Usually I write my own synopsis to the books I review, but I think it’s important to include the actual blurb given on The Unquiet so y’all see why I was so disappointed in this book. That blurb makes the story sound awesome. The double Earths and sleepers and anti-heroes makes this novel sound completely up my alley, even though I have all but given up on the young adult genre at the moment. I probably shouldn’t have been so excited going into this book, because it may also have impacted my overall feelings by the end. So.

I never say this when it comes to YA, but I don’t think this book should have been a stand alone. The world that Everett tries to build is much too complex to have in just one book. What ends up happening is that Lirael takes up much too much time repeating how she feels about herself and her situation. There is a lot of inner repetition in this novel that could have been used building up this world. A lot of backstory and world building is left to the wayside in order to maintain this repetition, so throughout the story we only get the bare bones of what could be a great, intricate setting. I understand that some of this comes from the fact that we’re stuck in Lirael’s perspective, which makes it hard to include those details, but it’s not impossible. I felt that what the author wanted to achieve with the two Earths is only halfway accomplished by the end of the novel. Like, it never explains how the portals work. We’re just supposed to believe there are portals that somehow suck people from one Earth to the other Earth, even though they are clearly two different planets. I don’t understand how that is physically possible.

The world building is also severely let down by the pacing. The pacing is terribly off in this book. It does too little with the amount of time it spans. And there are weird moments where something goes wrong with one set of characters, so they’re pushed to the side and another character is introduced, who then gets pushed off to the side and the other characters from the previous scenes get reintroduced. The pacing is just all over the place, and the scenes could have used with some more smoothing over and organization.

A lot of my disappointment also comes from Lirael as a main character. She spends most of her time being sad. When she’s not sad, she’s thinking about how she should be sad. What I don’t understand is the need to set up an anti-hero, someone we know from the beginning is going to at least be morally grey, and then have them complain the entire time about how much they wish they could have a different life. I think this book would have been much stronger if Lirael had just owned what she was and used that to her advantage. By the halfway mark, I was tired of being in her head, and I was tired of hearing the same old complaints. There could have been some amazing moments, heart breaking and philosophical moments, between herself and her replacement’s family once she gets there. But, instead, everything seems to stay on the surface. Overall, Lirael’s not a particularly strong main character, and she’s not a particularly likable one. She doesn’t really do much. And I couldn’t care less about the romance in the book. It felt pushed, and like it only existed because of course there needs to be a romance.

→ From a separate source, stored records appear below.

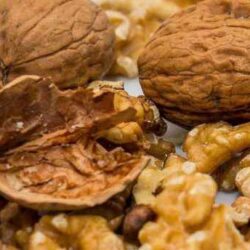 Ψίχα καρυδιού Chandler πεταλούδα Δομοκός Φθιώτιδα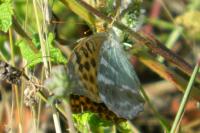Argynnis paphia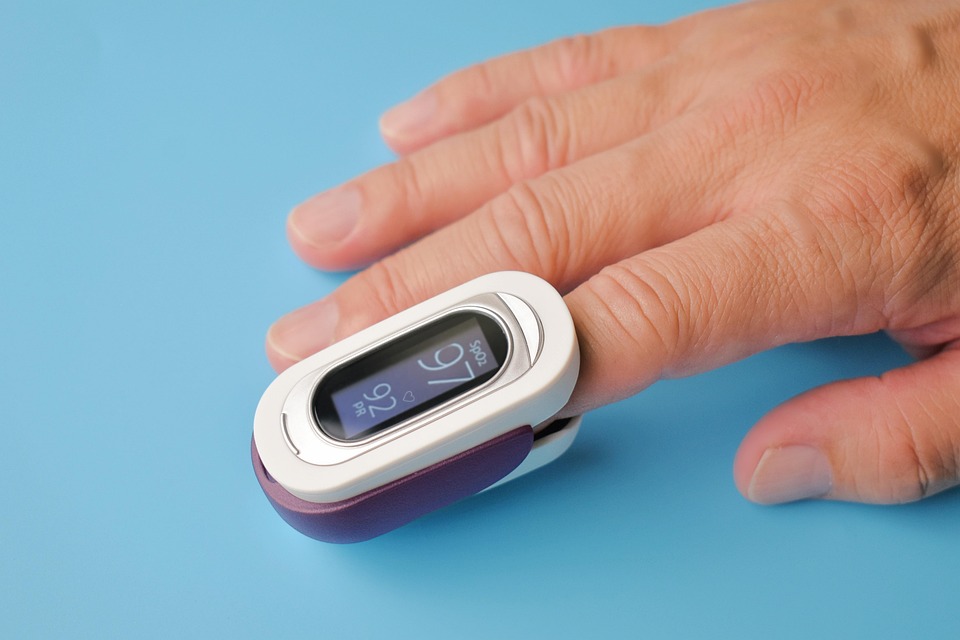 7 Essential Tips for Effective Pet Health Monitoring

In parts, this is an entertaining book. I think a really great concept is there at the heart of it, it just never reaches its full potential. I think if there had been a little less whining on Lirael’s part, she could have been an interesting female character, and I think some interesting commentary could have been made about the more philosophical thoughts behind the creation of two Earths–some of which gets slightly touched on in the last chapter of the book. It just didn’t work for me. That said, I think some people might enjoy this book who are less burned out of YA than I am. The writing isn’t terrible (though it certainly isn’t as beautiful as some people say, especially as its being compared to Ishiguro’s Never Let Me Go–which is beautiful). I wouldn’t necessarily recommend it, but I do see how/why it would have an audience with other readers. If you do give the book a go, let me know what you think. I’d love to hear your thoughts. And if you know of any other books that tackle this issue of a double Earth, also let me know! It gave me major Another Earth feelings as I was reading it–which is a great indie movie from about five years ago.